TC Encore Pro Hunter Stealth Hunting Outfit 50 CAL : Black Powder / Muzzle loading at GunBroker.com

The link below is to Brownell's for the folding buttstock.

Folding Stock at Brownell's

Also, here's a link from a discussion on highroad.org about how you can legally use a stock like this on an encore.

Reply from BATF regarding Thompson Encore question - Page 2 - THR


----------



## youngdon (Mar 10, 2010)

Thats pretty gnarly, probably more accurate than as a handgun I'm sure. I have a 14" contender in .375JDJ. It'll wake you up.


----------



## ebbs (Feb 7, 2010)

Love the TCs man. Got in headfirst with a Pro Hunter 50 cal 3 years ago and it sucked me in. My dad made fun of me for what I paid for that gun and now he's got twice as many barrels as I do!

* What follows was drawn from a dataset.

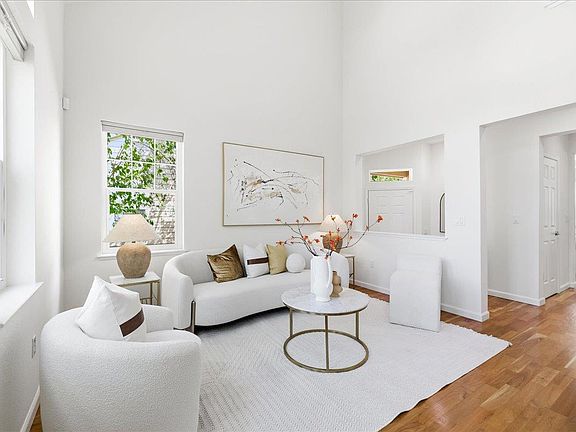 5th image of 731 Seneca Ter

We haven't ventured much into the Contender arena.

I was checking out your post about single shots earlier this evening and chuckled about my collection going in reverse. 3 1/2 years ago I built my first AR from parts, and 6 months later I bought that Encore. They're fun to shoot, accurate and lightweight. I currently have the 50bp, 300wm, 204 ruger, and more recently got a Bergara barrel to try out in 7mm-08 for antelope. Looking forward to next fall with that one!


----------



## youngdon (Mar 10, 2010)

That 7-08 should do real well in that gun.


----------



## SWAMPBUCK10PT (Apr 5, 2010)

For Whitetail in our neck of the woods the 7X30 waters is a good one


----------



## youngdon (Mar 10, 2010)

You don't see many 7-30's around here except in t/c's. Most that have seen mine have never heard of it.


----------



## SWAMPBUCK10PT (Apr 5, 2010)

Winchester had it in m-94 i belive marlin did too---mine is on my contender--my brother shoots most all of his whitetails with his its a good round


----------



## youngdon (Mar 10, 2010)

I agree it is. Mine has done some damage through the years and hopefully will do more. I have some handloaded 110 gr hp's that will tear a rabbit in half. i have shot the 130gr single shot pistol bullets from sierra quite a bit. What do you shoot.


----------



## SWAMPBUCK10PT (Apr 5, 2010)

For whitetails we use 120gr nosler ballistic tip--fed brass--wlr primers and aa 2460 powder-----haven't used it much for varmints but i'll try those 110gr hp's thanks


----------



## youngdon (Mar 10, 2010)

They work real well as they are made top expand at the lower velocity of a handgun. I wish I had a Marlin lever chambered for 7-30.


----------